» Required work:
Report all lines below with the word "Sticker".

Records from a collection
+++

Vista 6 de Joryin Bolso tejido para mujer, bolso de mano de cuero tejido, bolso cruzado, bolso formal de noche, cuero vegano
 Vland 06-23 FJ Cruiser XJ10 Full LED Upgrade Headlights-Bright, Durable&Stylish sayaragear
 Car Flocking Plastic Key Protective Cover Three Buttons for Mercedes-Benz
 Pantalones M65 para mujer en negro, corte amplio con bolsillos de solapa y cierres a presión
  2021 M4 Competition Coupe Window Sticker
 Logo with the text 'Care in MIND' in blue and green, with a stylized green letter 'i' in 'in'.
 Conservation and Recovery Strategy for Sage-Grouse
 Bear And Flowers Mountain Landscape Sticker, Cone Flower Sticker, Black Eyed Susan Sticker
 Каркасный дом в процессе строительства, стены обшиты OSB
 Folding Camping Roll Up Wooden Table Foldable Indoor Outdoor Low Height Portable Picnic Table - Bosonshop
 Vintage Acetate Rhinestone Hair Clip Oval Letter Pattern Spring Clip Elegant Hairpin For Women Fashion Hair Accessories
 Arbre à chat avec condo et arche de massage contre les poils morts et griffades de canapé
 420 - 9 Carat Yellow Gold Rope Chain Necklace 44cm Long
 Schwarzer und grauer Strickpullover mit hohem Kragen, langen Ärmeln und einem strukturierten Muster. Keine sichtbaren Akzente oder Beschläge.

+++

» Task output:
  2021 M4 Competition Coupe Window Sticker
 Bear And Flowers Mountain Landscape Sticker, Cone Flower Sticker, Black Eyed Susan Sticker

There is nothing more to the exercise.